Incremental redesign seems to be more common with websites these days than the biannual complete overhaul we’ve grown accustomed to from sites large and small over the years. Why? Perhaps it’s a sign of maturity (of the designs, not the designers): designs stabilize over time as they’re refined based on user feedback. Perhaps it’s inertia: sites are so much more complex these days that, despite the benefits of semantic HTML and CSS, it can still be a massive undertaking to redesign a website from the ground up. And perhaps it’s strategic: designers have an idea where they’re going, but it can be jarring to users to have the proverbial rug pulled out from under them with abrupt and large-scale changes to a site’s design.

So, which is it in my case? Honestly, it’s probably a combination of all three. Anyway, I hope you like the refinements, and if not, feel free to let me have it in the comment section!

The growing problem of registration spam in WordPress

WordPressNow, this is odd.

A few months back I wrote a plug-in for WordPress called RegisTrap. It’s beyond basic, and has one simple purpose: to block registration spam on my WordPress-based website.

Registration spam, for those of you who don’t know, is when a “bot” (a computer program written to seek out and exploit poorly-written web forms to send floods of spam email messages) signs up as a “user” on your site. These “users” can’t really do anything on the site, but they clutter up your database nonetheless.

I had a feeling that RegisTrap was really only going to work reliably if I kept it to myself. And I was right: after submitting it to the official WordPress plug-in repository, it eventually stopped working, as the bots adapted to avoid its “traps.” It might have happened eventually anyway, but I’m sure that the publicity it received from being in the repository, and the hundred or so people who downloaded it (many of whom, I suspect on reflection, were probably bot developers looking to dissect its workings), accelerated its demise.
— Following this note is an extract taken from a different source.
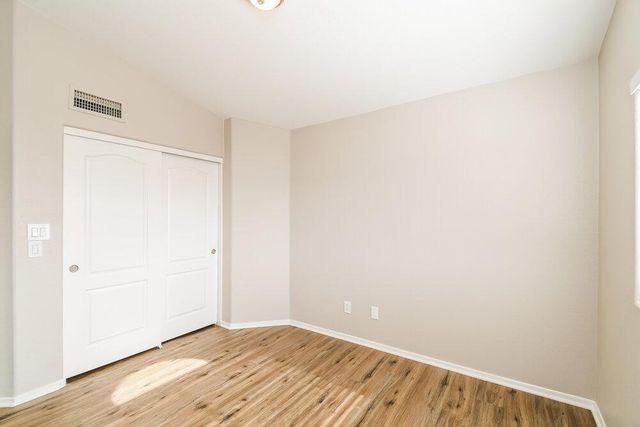 1766 E Tyson Street, Gilbert, AZ 85295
As I announced here a few days ago, I turned RegisTrap off on my site, and I also turned off registration altogether. But that hasn’t stopped the flood of new bot registrations. There are 14 of them sitting there in my database right now (well, there were before I just deleted them), all added after I turned off the ability to register altogether.

I suppose, since the bots don’t actually visit the site and fill in the form, they just submit the right data directly to the right URL, whether it’s “browsable” or not, it doesn’t even really matter if your site is set up to reject registrations. Still, it’s a bit dismaying that WordPress is processing those registrations even with registration turned off. Apparently it stops at making the registration page inaccessible via links; it doesn’t actually turn off the code that processes registrations. Boo. Perhaps that should be my next plugin: “Stop All Registrations 4 Realz.”

But maybe I won’t call it that.

New site design (partially) implemented

My guilt over slighting those regrettably still stuck using Internet Explorer 6 finally got the best of me, and I decided to do a new site design that doesn’t completely break down in that (outdated) browser.

Well, that’s not really the reason I did it. I wanted to take a new approach that allows for more customization of the presentation in different sections of the site. But I made it IE6-friendly while I was at it. The new design is based on another color scheme called “Salamander” that I found at Kuler. (Sorry, I’d link right to the specific color palette but, guess what, it’s Flash. Boo.)

It’s not finished yet, but I wanted to put the necessary pressure on myself to keep working on it until it’s completely done. So now that it’s far enough along to be presentable to the public, I’m rolling it out.

Most of the cool site-specific graphical headers are still missing, so it’s falling back to a generic presentation with a nice garish green band at the top. Certain other fine details are also still missing in the CSS, but I’m getting there.

Eventually there will be more dramatic changes to the page structure: the home page will be more of a “portal” than just a dump of the most recent blog posts; different sections of the site will have different content in the sidebar, etc. But this is a start.